GROUP BY class.id, class.class_time, person.first_name;

PostgreSQL requires the GROUP BY. But, I'm not clear how the GROUP BY
might change the results between the two views above.

http://www.postgresql.org/docs/8.0/static/sql-select.html#SQL-GROUPBY

says:

When GROUP BY is present, it is not valid for the SELECT list
expressions to refer to ungrouped columns except within aggregate
functions, since there would be more than one possible value to
return for an ungrouped column.

Frankly, I cannot see how it might change results of a select between
the two views. Am I missing something?

--
Bill Moseley
moseley@hank.org

#2Scott Marlowe
smarlowe@g2switchworks.com
In reply to: Bill Moseley (#1)
Re: GROUP BY requirement

On Fri, 2005-08-26 at 14:39, Bill Moseley wrote:

I'm wondering if adding a GROUP BY (as required by Postgres) will
change the results of a select on a view.
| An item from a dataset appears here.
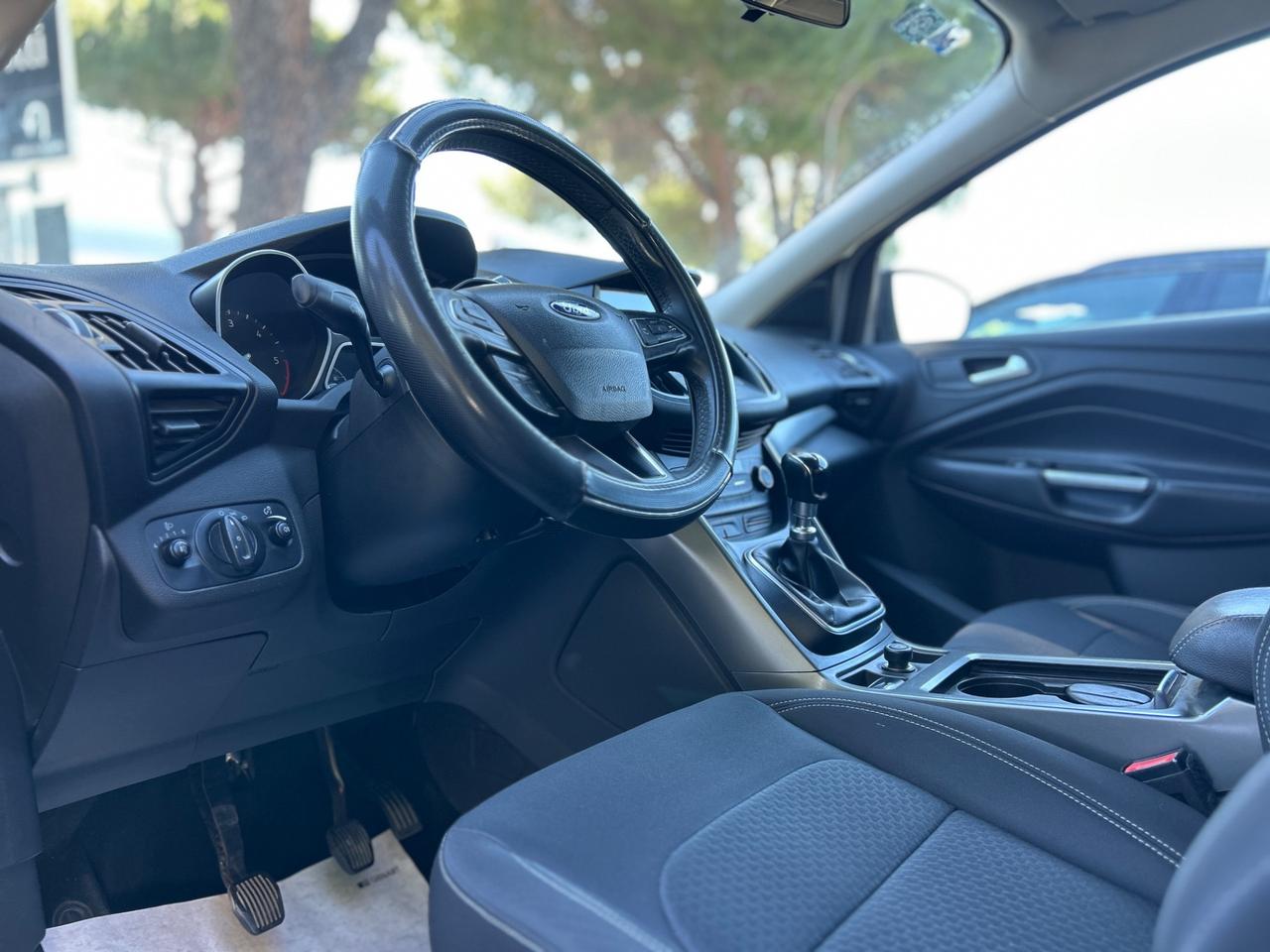 Ford Kuga 1.5 TDCI 120cv*UNIPRO*OTTIME CONDIZIONI*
I have the following view which joins a "class" with a teacher. A
teacher is a "person" and I have an "instructors" link table.
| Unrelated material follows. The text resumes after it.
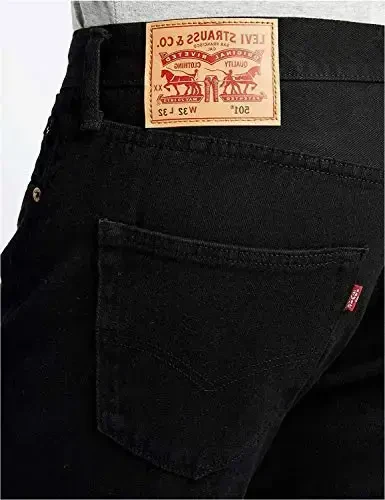 Levi's Men's 501 Original Fit Jeans - 5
CREATE VIEW class_list (id, class_time, instructor )
AS
SELECT DISTINCT ON(class.id)
class.id, class.class_time, person.first_name

FROM class, instructors, person
WHERE instructors.person = person.id
AND class.id = instructors.class;

I also have a table "registration" that links students with a class.
The registration table has a "reg_status" column to say if they are
confirmed or on the wait_list. So when showing the above I'd also
like to see how many students are confirmed and on the wait_list.

DROP VIEW cl;
CREATE VIEW cl (id, class_time, instructor,
confirmed_cnt, wait_list_cnt)
AS
SELECT DISTINCT ON(class.id)
class.id, class.class_time, person.first_name,
sum (CASE WHEN registration.reg_status = 1 THEN 1 ELSE 0 END) as confirmed_cnt,
sum (CASE WHEN registration.reg_status = 2 THEN 1 ELSE 0 END) as wait_list_cnt,

FROM class, instructors, person, registration
WHERE instructors.person = person.id
AND class.id = instructors.class
AND class.id = registration.class

GROUP BY class.id, class.class_time, person.first_name;

PostgreSQL requires the GROUP BY. But, I'm not clear how the GROUP BY
might change the results between the two views above.
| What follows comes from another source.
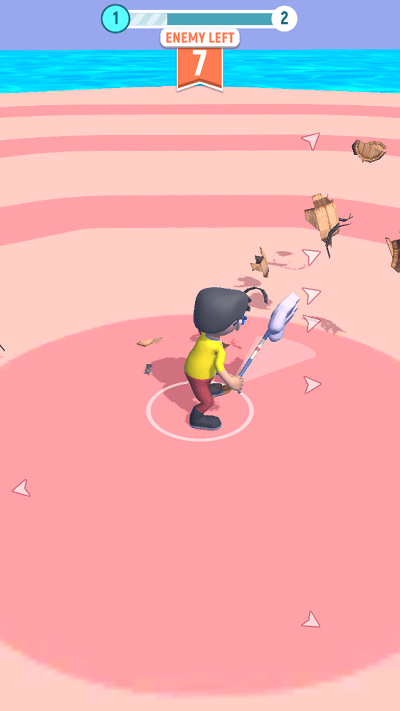 命中和粉碎战斗英雄0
http://www.postgresql.org/docs/8.0/static/sql-select.html#SQL-GROUPBY

says:

When GROUP BY is present, it is not valid for the SELECT list
expressions to refer to ungrouped columns except within aggregate
functions, since there would be more than one possible value to
return for an ungrouped column.

Frankly, I cannot see how it might change results of a select between
the two views. Am I missing something?

OK, distinct on suffers from this problem. Given the following simple
dataset:

mytable:
a | b
------
1 | 0
1 | 1

select distinct on (a) a,b from mytable;

One can see how the possible results are:

1,0 and 1,1, right? All depending on the order in which they are
fetched.

The same would be true if you could do a group by on a and select b:

select a,b from mytable group by a;

Right?

Now, if it's impossible for your dataset to return such sets, due to the
way it's built, it is likely not fully normalized. I.e. you have data
like this:

classid | instructorname | moreinfo...
--------------------------------------
1 | 'John Smith' | 'information'
1 | 'John Smith' | 'even more information'

and so on. Or your join is creating such a data set.